室友徐俊见识了他从一开始自娱自乐地去和学校联系讲座售书,到作为“中国梦”讲师去宣讲他的90梦,再到后来全国各地的学校出费用请他去作讲座的全部过程。那时他就常常出现在媒体视野当中了。
徐俊不止一次地被他的理念洗脑:“人生最重要的事情是牛×,不管记着好还是记着坏,得让人记得住。”他的确一直懂得如何让别人记住自己。
一直兼职担任民歌歌手陈思思的经纪人,张天一在娱乐圈待足了五年。他很喜欢这段经历,接触到形形色色的人,学到很多东西,“这是一个用脑子的行业。

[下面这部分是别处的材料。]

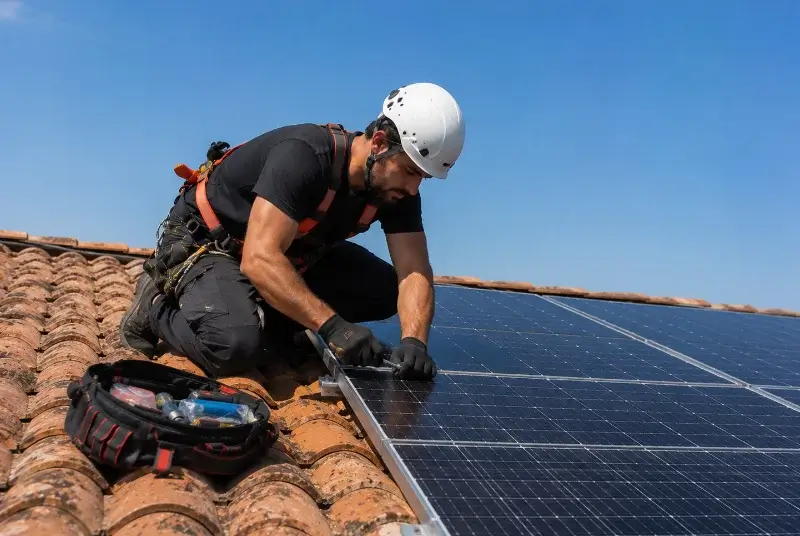 Maintenance et monitoring de panneaux solaires à Portes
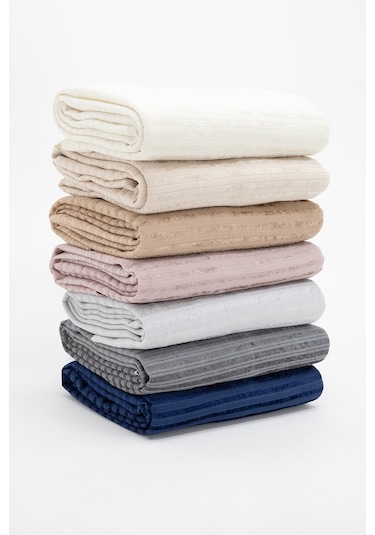 Kaymaz Taban Süngerli Kadife Koltuk - Çekyat Örtüsü 170x210 - Kre Krem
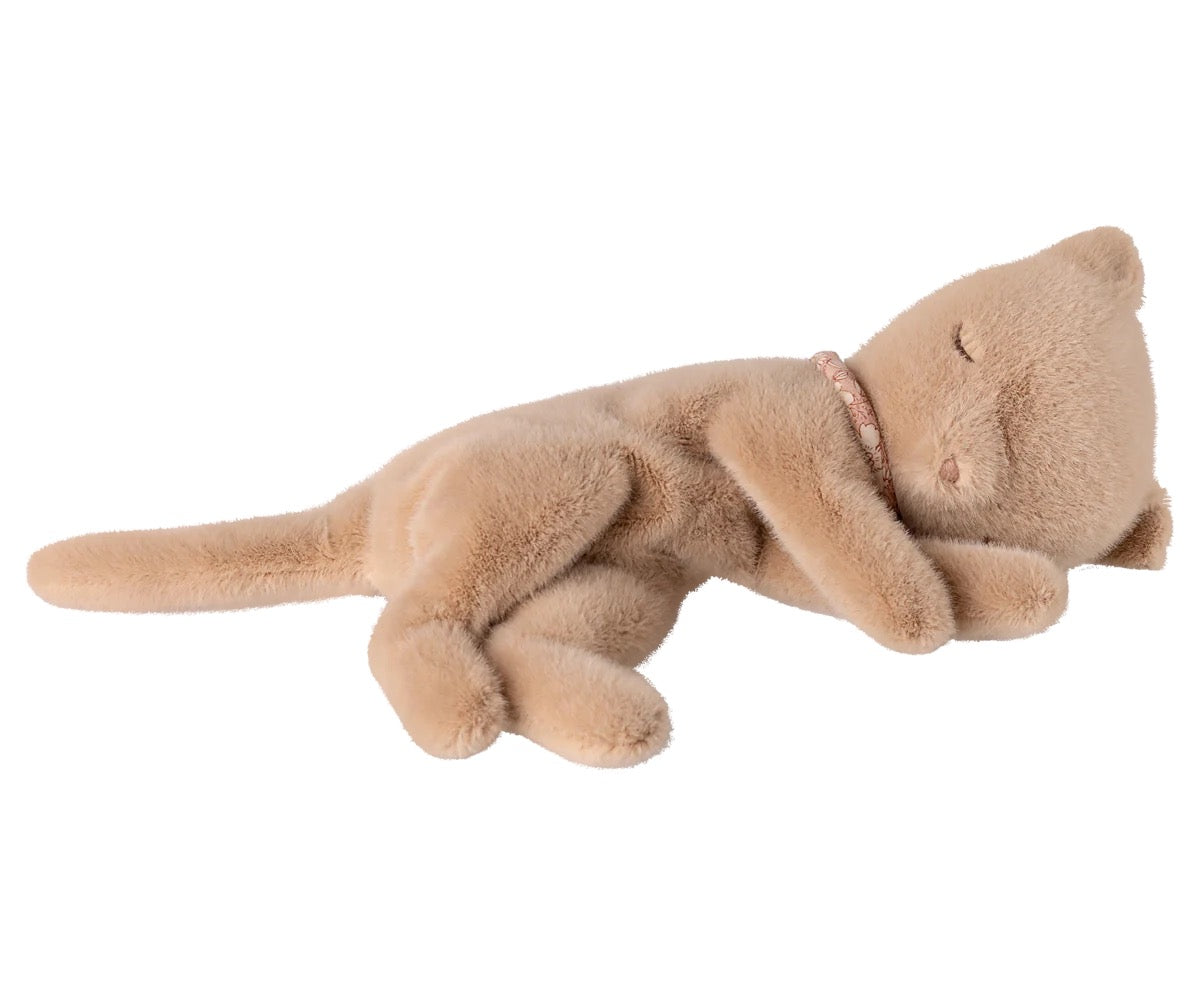 Cream Peach Sleeping Kitten | Small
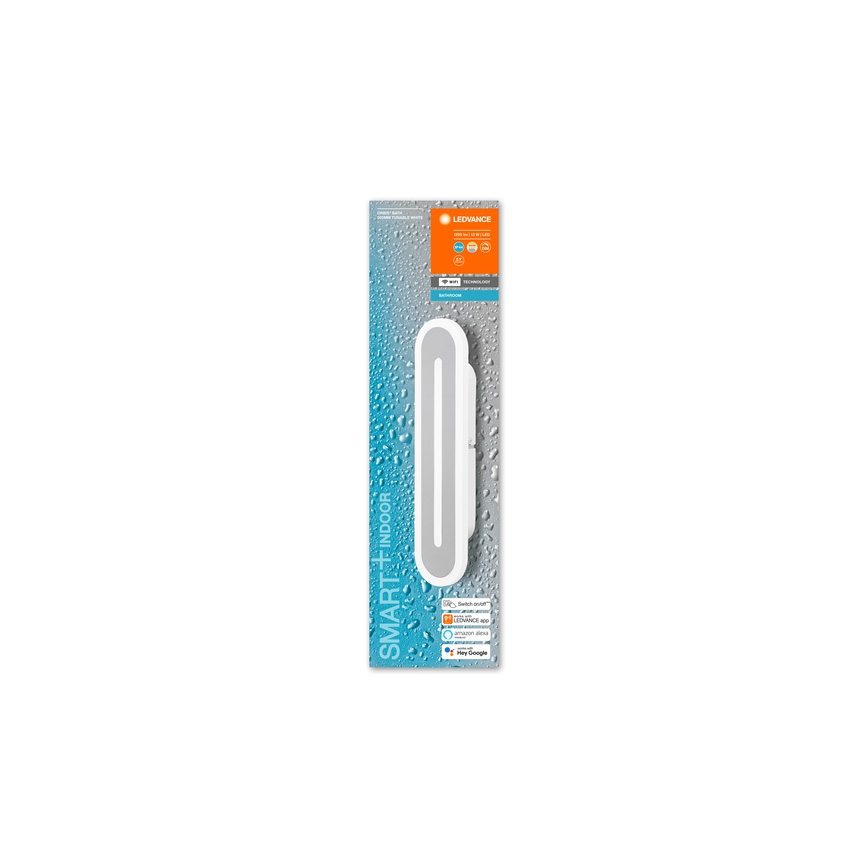 Plafonieră LED dimabilă pentru baie SMART+ BATH LED/13W/230V 3000-6500K IP44 Wi-Fi Ledvance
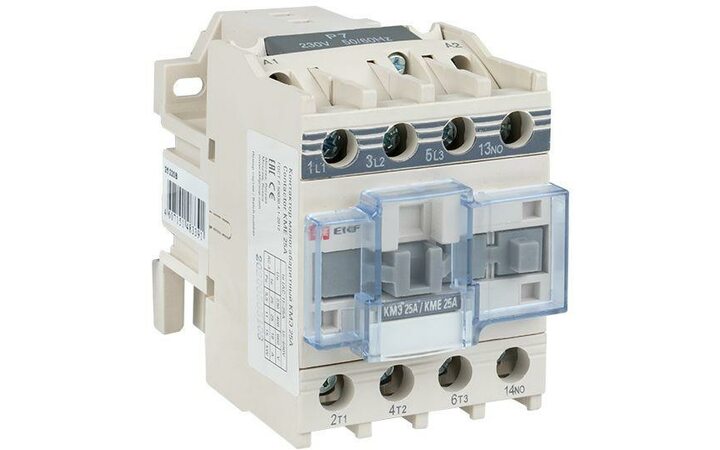 фото - Контактор КМЭ 25А 380В 1NO EKF ctr-s-25-380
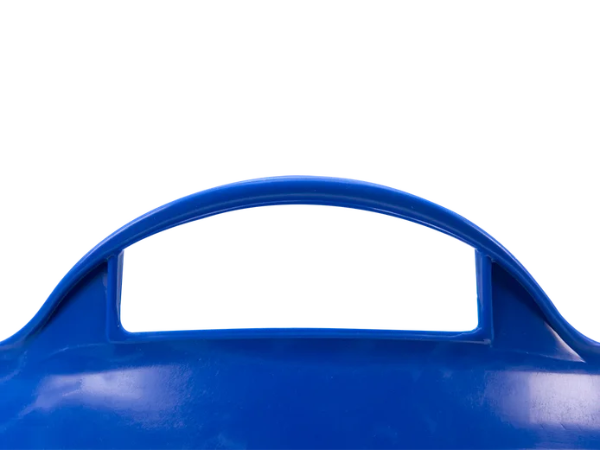 Seau anse plastique usage alimentaire bleu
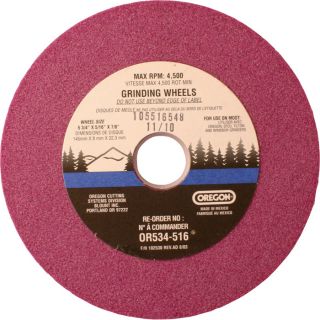 Oregon Chain Sharpener Replacement Grinding Wheel — 5/16in. Thickness, For 3/4in.-Pitch Chains, Model# OR534-516A  Chain Saw Chain Sharpeners   Maintenance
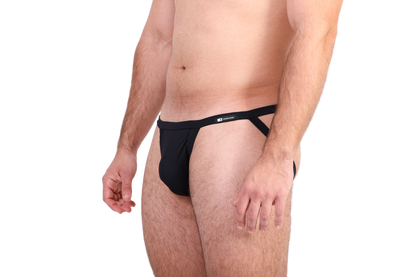 Fekete jockstrap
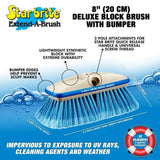 Premium Medium Scrub Brush with Rubber Bumper - 8 in. | Star Brite 040162 - macomb-marine-parts.myshopify.com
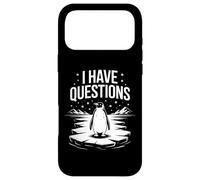 I Have Questions Funny Penguin Head Towards The Mountains Case for iPhone 17 Pro Max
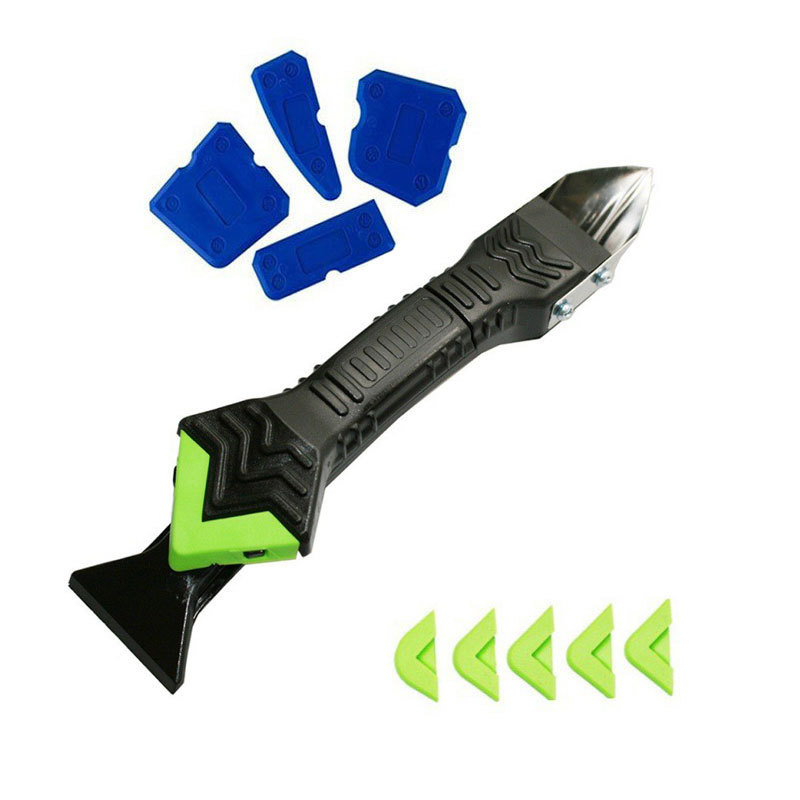 Multi-función pegamento pala 3-en-1 silicona pegamento raspador ángulo belleza costura pala cuchillo eliminación de pegamento cuchillo interior esquina pegamento raspador de goma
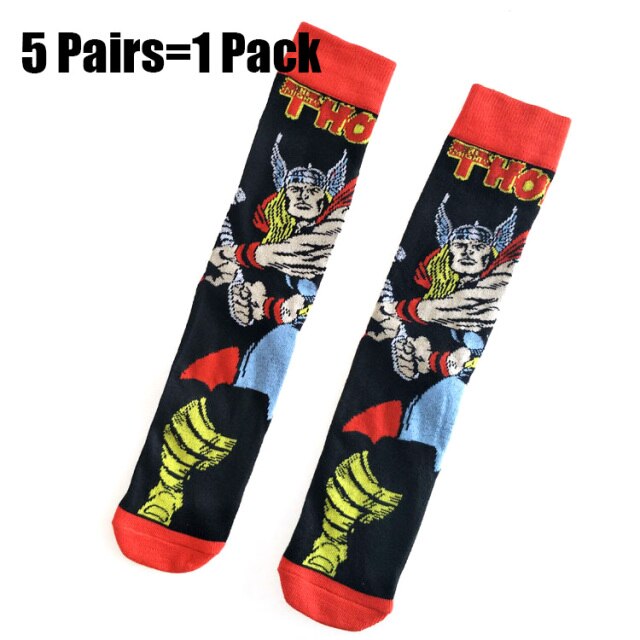 Pack 5 calcetines Marvel comic los Vengadores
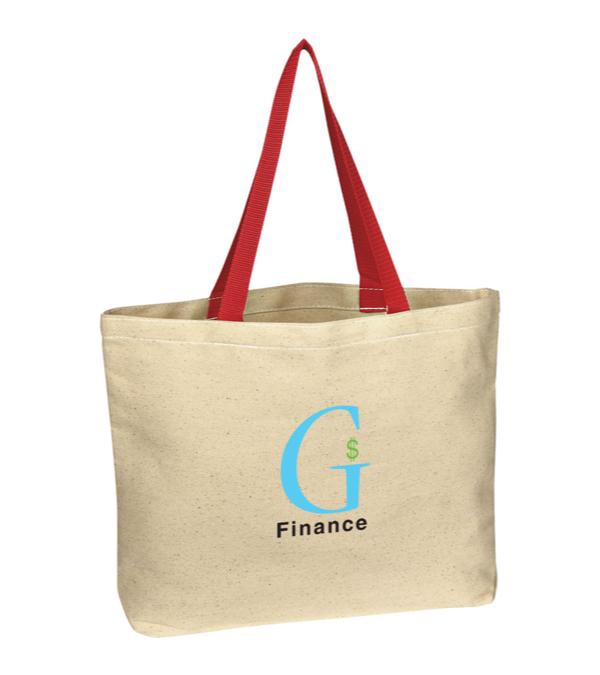 Natural Cotton Canvas Tote Bag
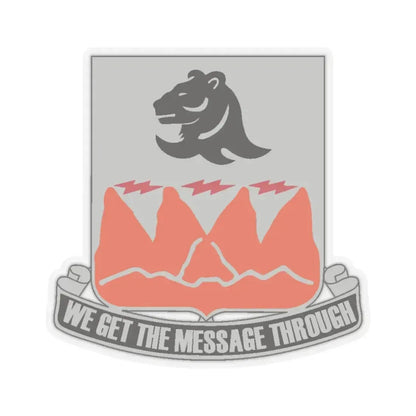 4 Signal Battalion (U.S. Army) STICKER Vinyl Kiss-Cut Decal 3 Inch Transparent - The Sticker Space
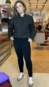 casaco bomber tweed chic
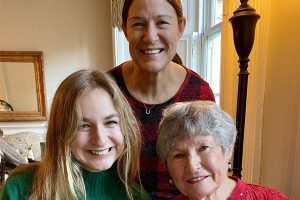 Dr. Julie Ladocsi with her mother and daughter fighting osteoporosis at any age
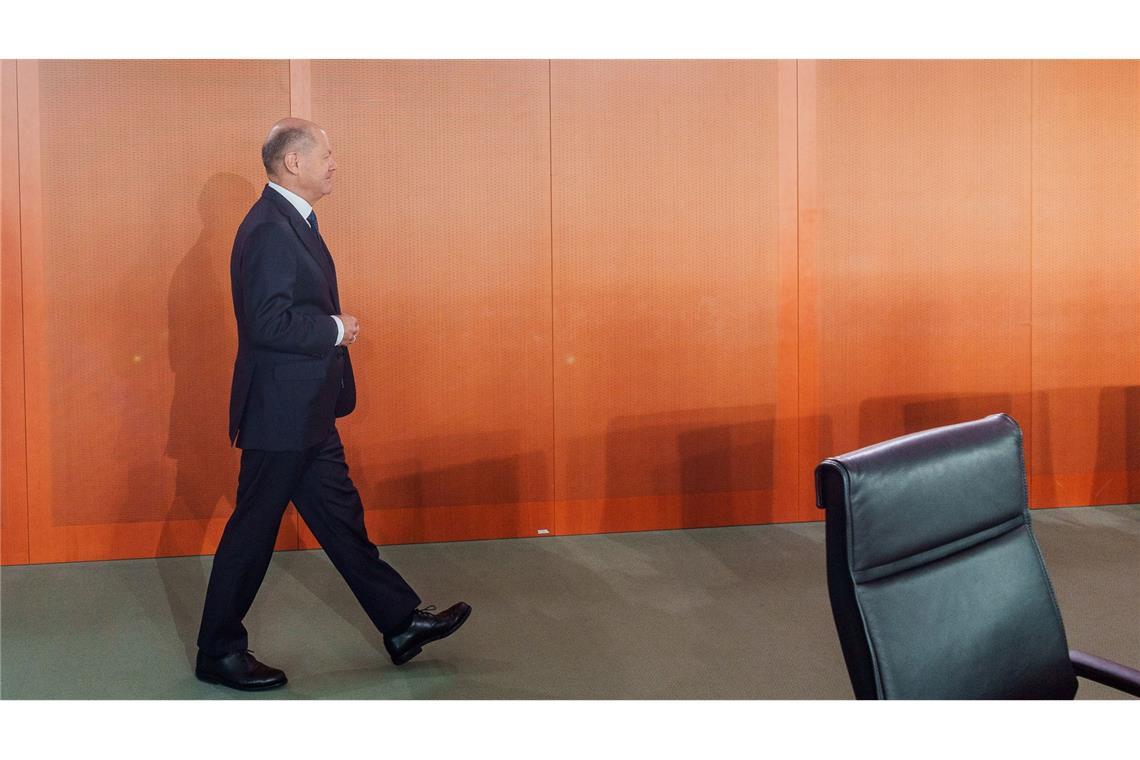 Letzte reguläre Kabinettssitzung mit dem geschäftsführenden Bundeskanzler Olaf Scholz (SPD).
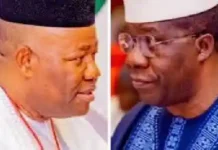 Senate President Akpabio, Senate Leader Opeyemi Bamidele Allegedly Exchange Blows Inside Senate Cafeteria Senate President Godswill Akpabio and Senate Leader Opeyemi Bamidele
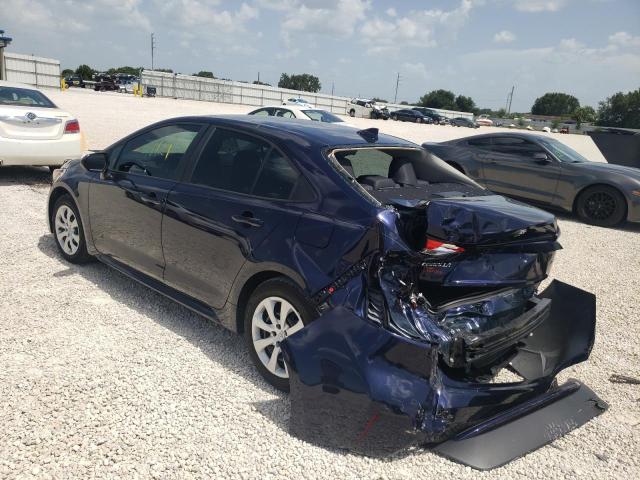 Photo 3 from auction – 2022 TOYOTA COROLLA LE with VIN 5YFEPMAE2NP287311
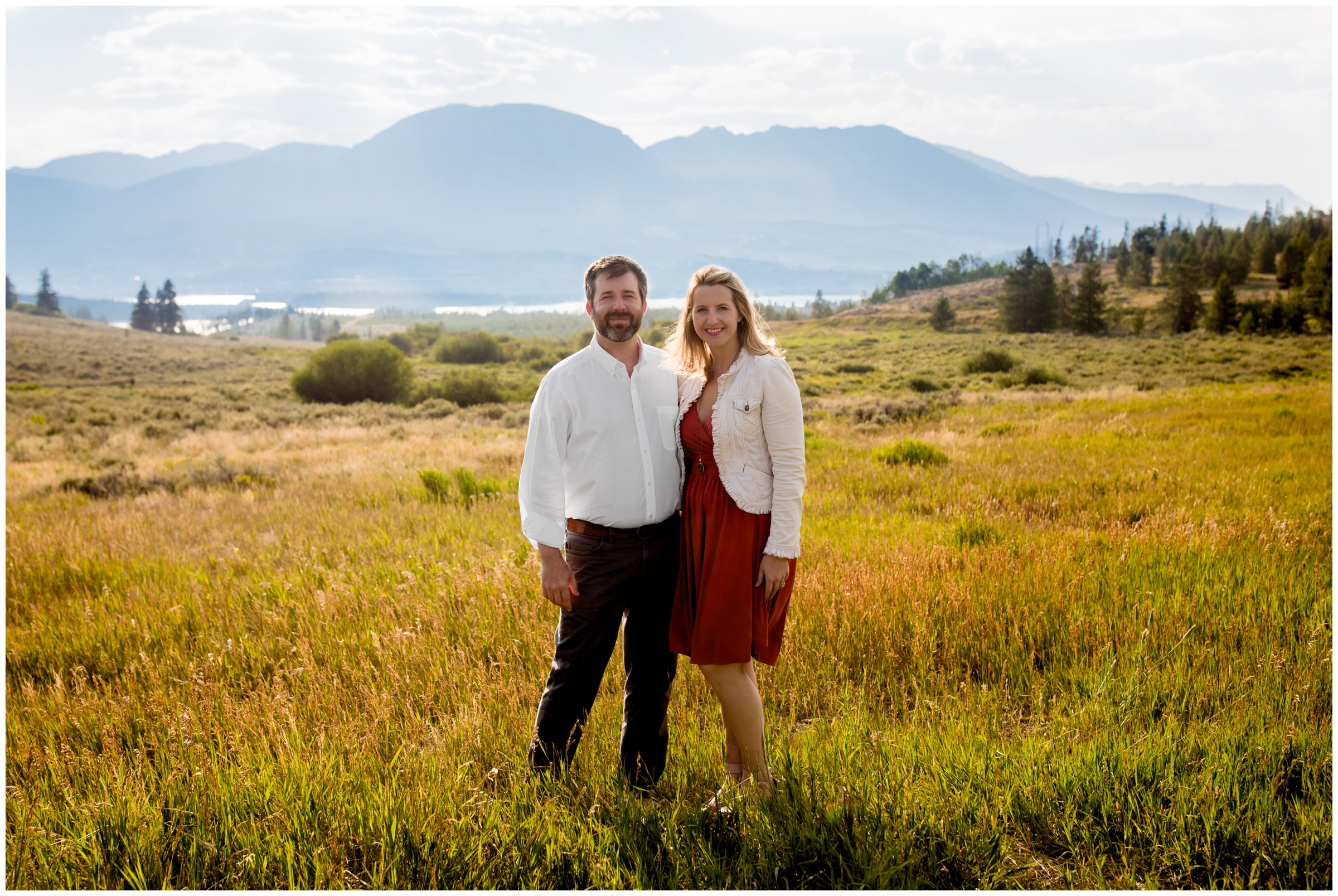 Breckenridge family pictures in the colorado mountains with lake dillon in background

”
他早年在网络上曾引发关注,源于所写的一个帖子“我本科期间做过的十种职业”,被网友戏称为“十业哥”,引发膜拜无数。
大三他对佛教产生强烈的兴趣。他看到乔布斯学禅,看到李安将禅的故事表现在《少年派》里,他也想去“找找人生的境界”。于是挥霍了“天一碗”赚得的第一桶金,去终南山修行,也去台湾拜见星云大师。
他自创出“9.0.禅”理念。“9是大有之数,0是大空之数。于有无之间,与90后谈禅,分享禅。”之后,他把这些又结集成书,《90s:不为乌合不从众》。
在他的信条里,“人生是一道自由发挥的问答题。”
在张天一野蛮生长的大学六年里,互联网行业逐渐成了最出风头的领域。90后创业开始如同雨后春笋,都以互联网为阵地。
张天一也体验到了互联网对米粉店的不可小觑的作用。开业前,他用“伏牛堂”的微信公众号发布了一篇文章《我为什么硕士毕业去卖了米粉》,在朋友圈得到近1万人转发,点击率高达8万多。而他们之前曾连发了三天传单,效果极微,微信只不过一篇文章,就让他们火得如此彻底。
张天一从大二开始就没向家里要过一分钱。开店的十万块,也是从自己的零用、打三份工攒出来的。
伏牛堂开业前,张天一给所有的亲友都发了邀请函,请他们开业当天来伏牛堂观摩,其中也包括母亲胡波。尽管支持儿子创业,但得知是去卖米粉,胡波还是“蒙了”。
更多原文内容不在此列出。